» GIVEN INFORMATION
-=-=-=-=-

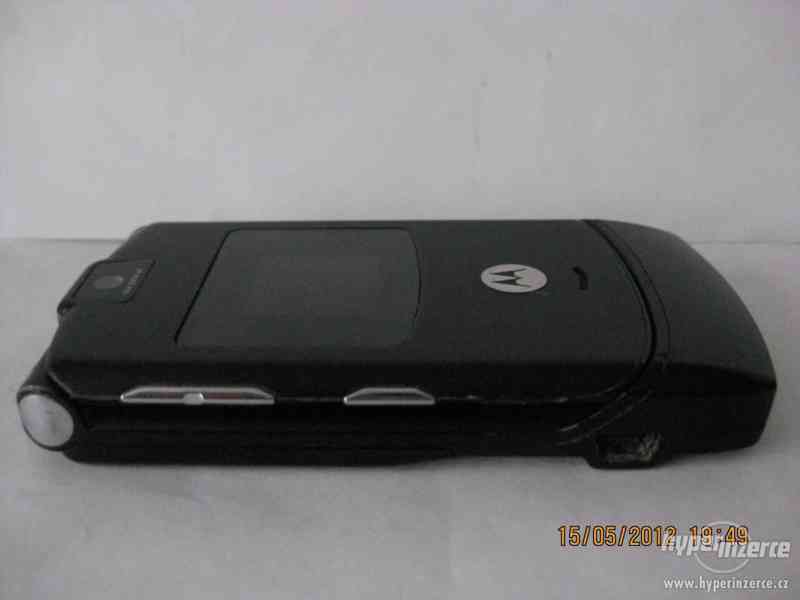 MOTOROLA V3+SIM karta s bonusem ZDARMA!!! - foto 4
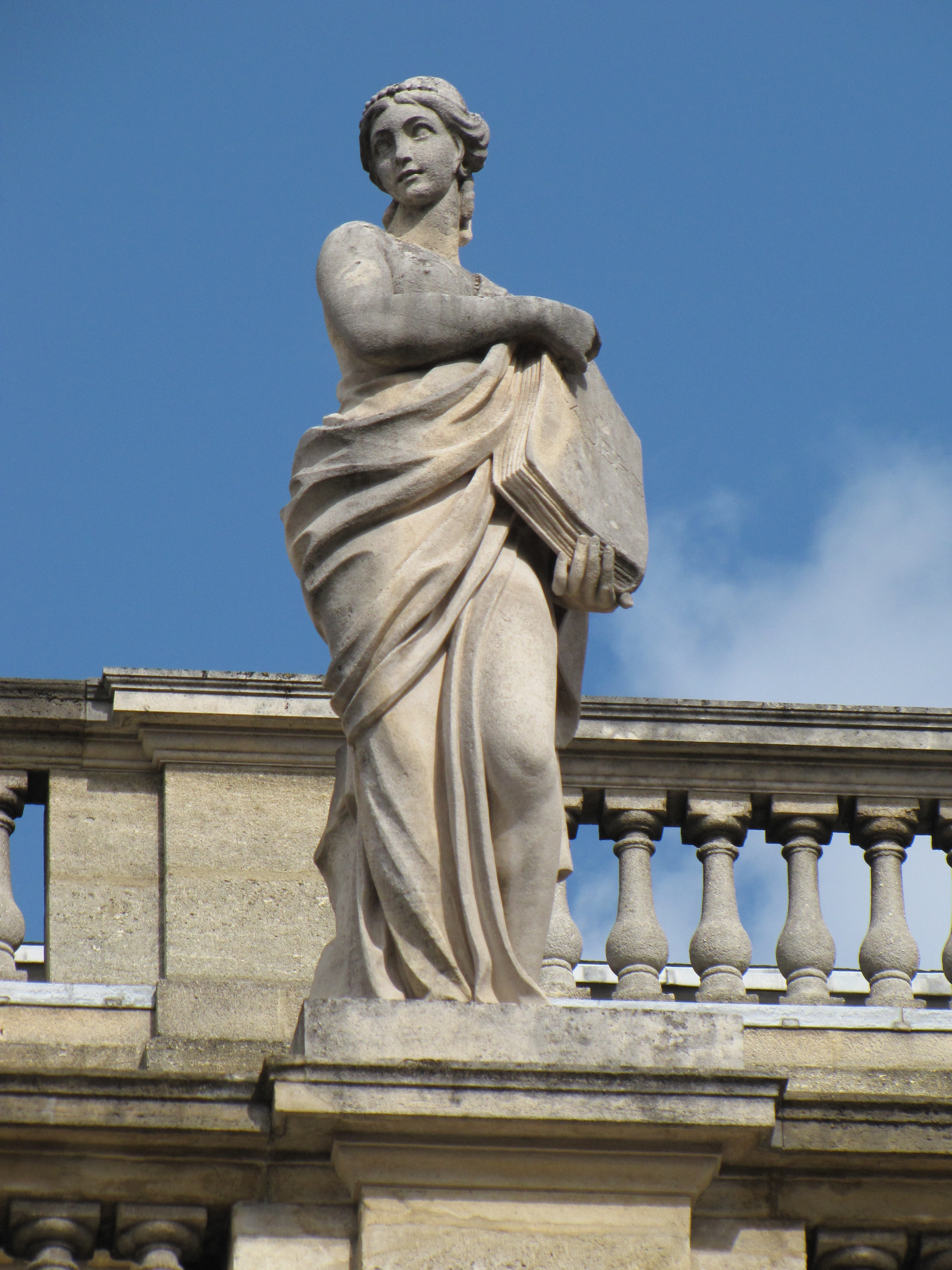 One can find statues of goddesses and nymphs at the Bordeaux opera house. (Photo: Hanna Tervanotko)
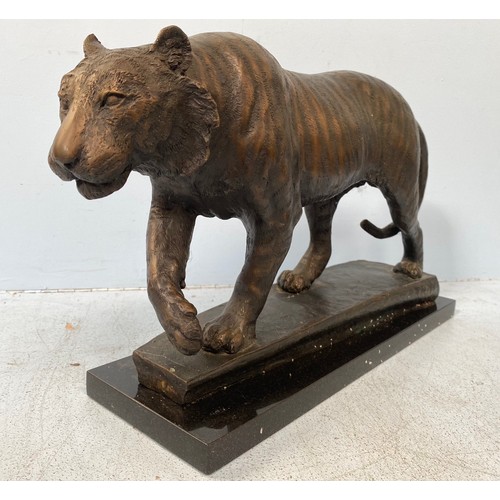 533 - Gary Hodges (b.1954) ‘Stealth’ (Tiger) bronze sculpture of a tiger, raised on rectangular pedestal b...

-=-=-=-=-

» PROBLEM DETAILS
Nothing but the pictures should be left out when the listing is repeated exactly.

» ANSWER FOR THE TASK
 MOTOROLA V3+SIM karta s bonusem ZDARMA!!! - foto 4
 One can find statues of goddesses and nymphs at the Bordeaux opera house. (Photo: Hanna Tervanotko)
 533 - Gary Hodges (b.1954) ‘Stealth’ (Tiger) bronze sculpture of a tiger, raised on rectangular pedestal b...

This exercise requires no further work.